Absolutely amazing. Only on the Internet could you actually find somebody who would argue the side of being dishonest.


----------



## Mike Finley (Apr 28, 2004)

FCPWLLC said:


> Folks that sell based on price will find themselves in this situation often. For the most part, it is really more of an example of undercharging most of thier customers due to weak seeling skills and ASSUMING they have to lowball with a lower income consumer to get a dotted line signed. So the same ASSUMING when dealing with a higher income customer, gives them the confidence to quote prices that they were too afraid to quote to the lower income customer. *Selling on price!* *Selling on Value will allow you to quote $15,000 to both consumers.* *Maximizing FULL Market Value should always be priority. Both the lower income and higher income prospects.* In this case, the real ethics would be to identify when a lower income consumer is in over thier head and offering them alternatives.


Excellent, I couldn't have said it better myself!:thumbsup: That's exactly the secret. You sell your products at their maximum value to everyone, regardless of race, gender, religion or income. That is the example of capitalism that Rusket should learn. Your product should be worth what it is worth based upon the value delivered, not the ability to screw a wealthy person. 

What's next John? If the wealthy can afford to pay more, how about a nice senior citizen?

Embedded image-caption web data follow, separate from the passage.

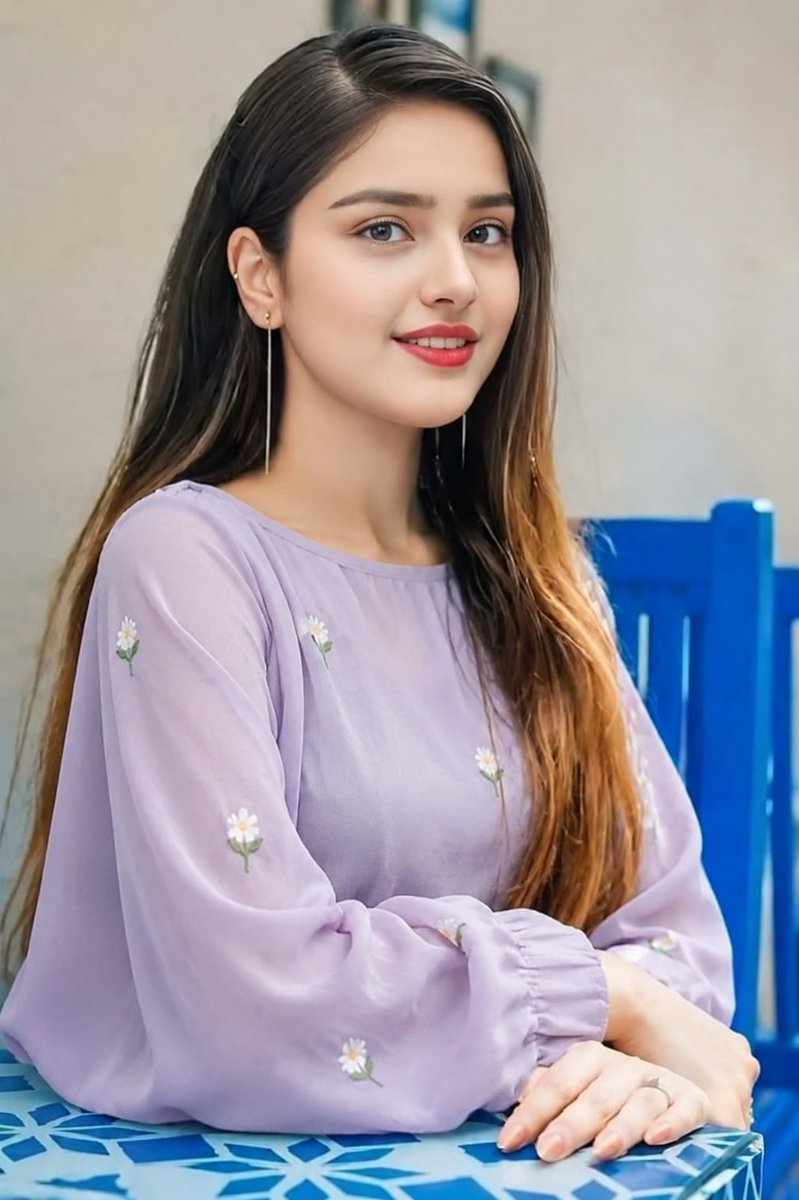 Arzoo12sh's tweet photo. 1. Birthday prompt/ GPT Image:2
2. Upload your photo 
3. Copy the prompt 
4. Generate
5. Here's the prompt 💬👇 https://t.co/1MQ7vsGbGR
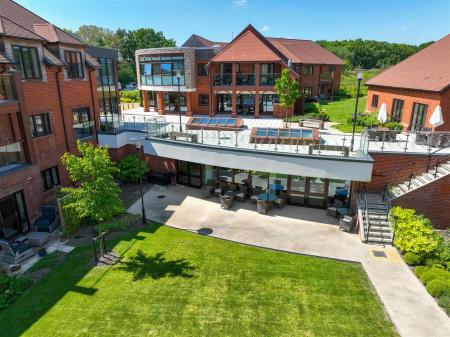 Restuarant Garden.jpg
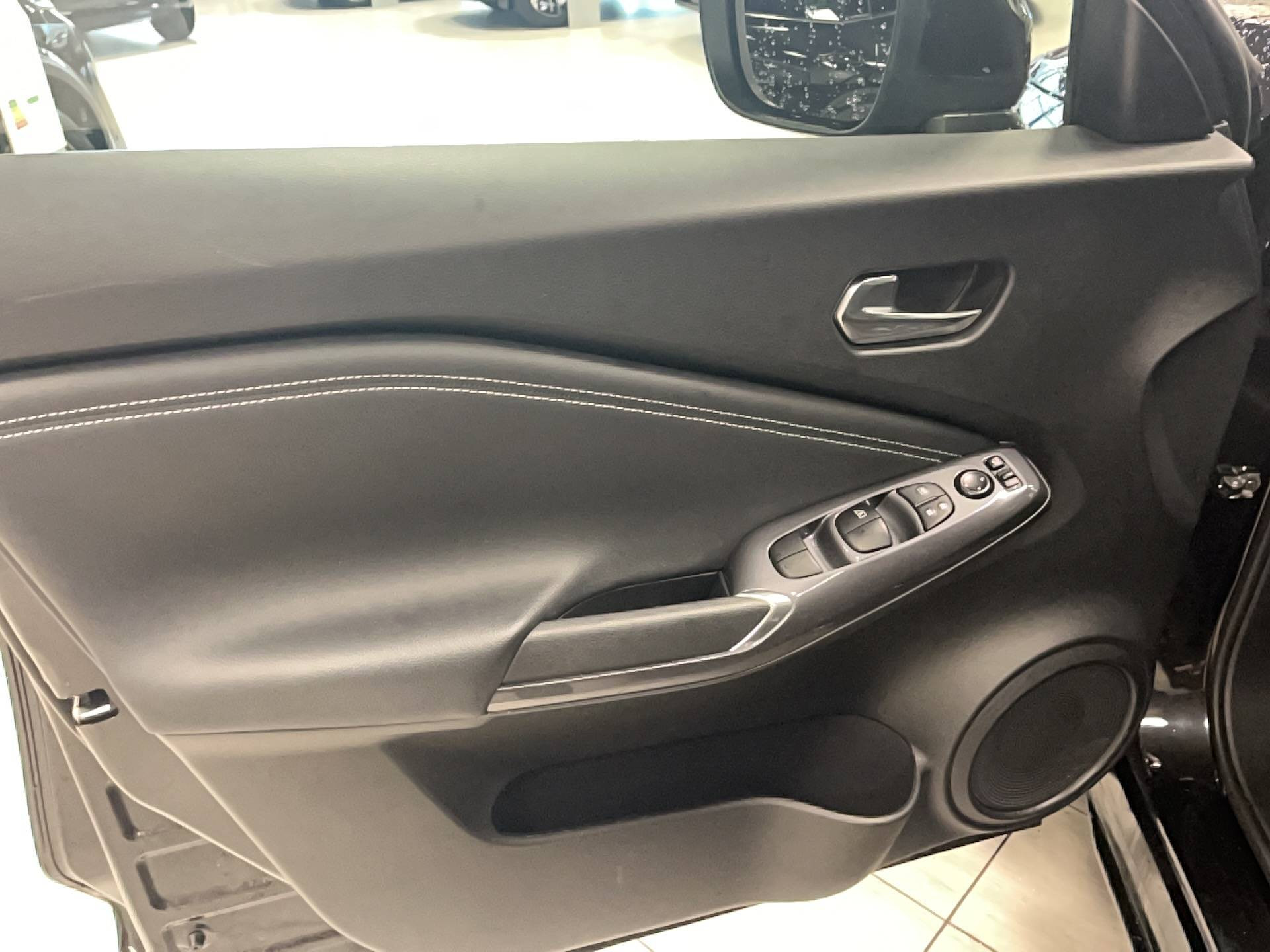 Vente en ligne Nissan Juke Juke DIG-T 114 au prix de 17 990 €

I can imagine your take on them too. "They don't have long to live, you need their money more then they do so you should charge them more too." How about a man vs a woman? 

Please tell us, give us your full racial profile and standard practices/procedures on how you judge people's estimates based upon your profiles, you sick little freak.


----------



## john elliott (Oct 23, 2005)

Mike Finley said:


> What amazes me John is that you actually believe that everybody has to be as *dishonest* and *unscrupulous* as you are!
> 
> My simple statements describing how we follow a policy of honesty and ethical business practices with our customers is so foreign to you, so far away from what you believe to be even possible that your mental coping mechanism is to tell yourself that it can't be true! :blink: WOW! Sorry John, there are actually honest people in the world. There are actually people who were raised correctly in this world, people who do what it right, not because somebody is looking over their shoulder, but because doing what is right, *is* the right thing to do.
> 
> ...


Thanks, Mike, I couldn't have asked for better proof that what you are writing here is intended to be read by your potential customers. I'm sure they will be impressed with your honesty, though perhaps a little less impressed with your logic.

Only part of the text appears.